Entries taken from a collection
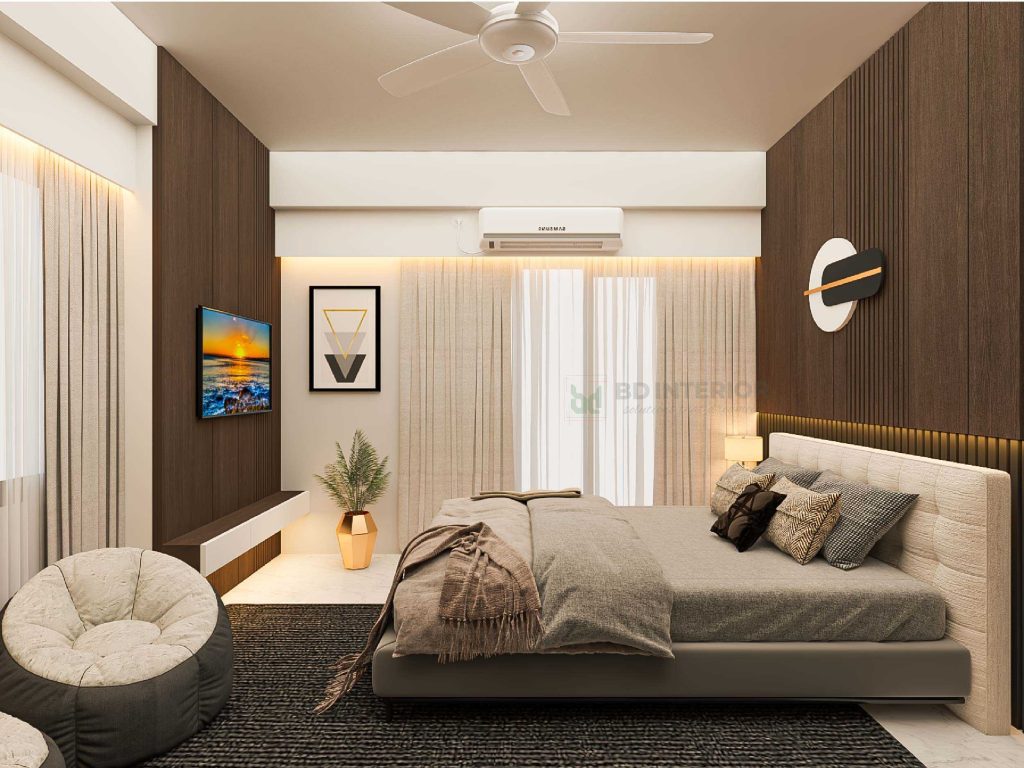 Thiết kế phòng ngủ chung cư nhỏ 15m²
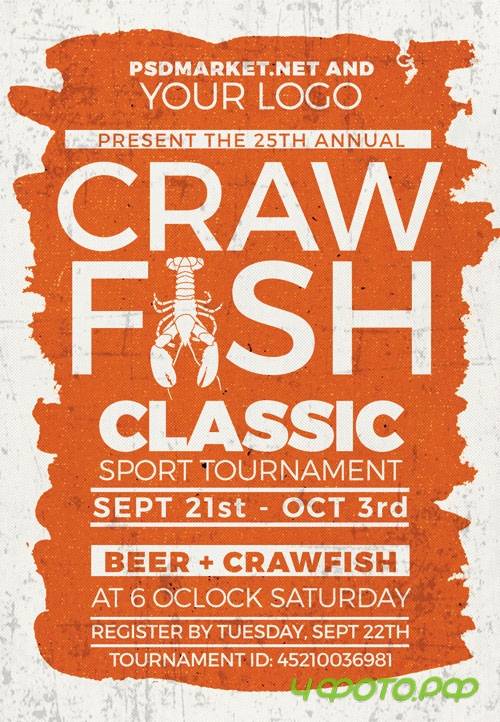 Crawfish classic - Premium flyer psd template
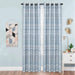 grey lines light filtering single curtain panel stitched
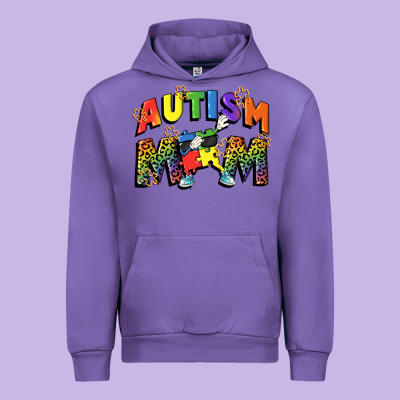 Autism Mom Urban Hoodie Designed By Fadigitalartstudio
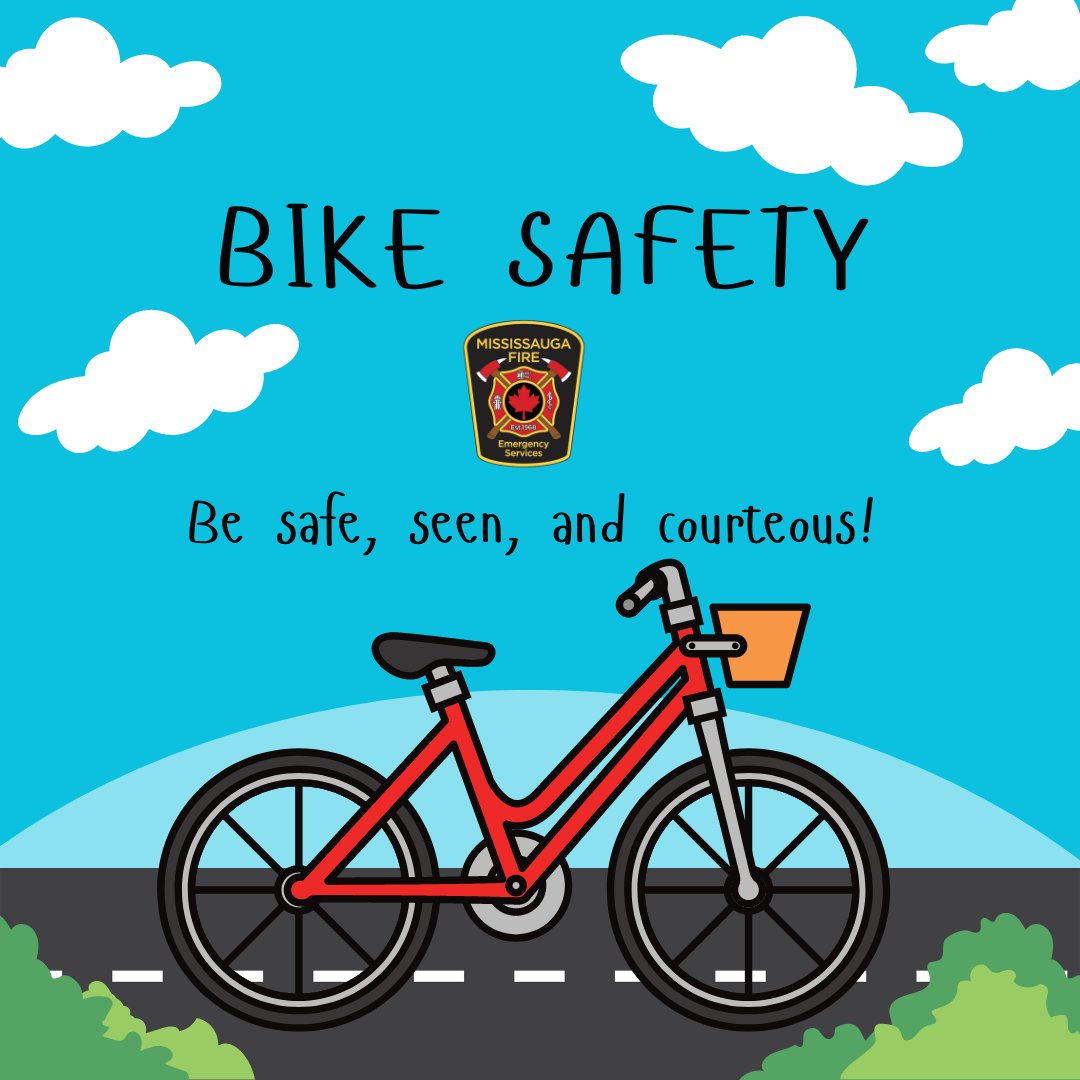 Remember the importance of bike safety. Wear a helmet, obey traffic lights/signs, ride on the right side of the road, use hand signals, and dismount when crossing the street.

#### What to produce
What the answer needs is every line from the one containing "Autism Mom Urban" through the final line of the data above, copied exactly, without pictures.

#### Exercise result
 Autism Mom Urban Hoodie Designed By Fadigitalartstudio
 Remember the importance of bike safety. Wear a helmet, obey traffic lights/signs, ride on the right side of the road, use hand signals, and dismount when crossing the street.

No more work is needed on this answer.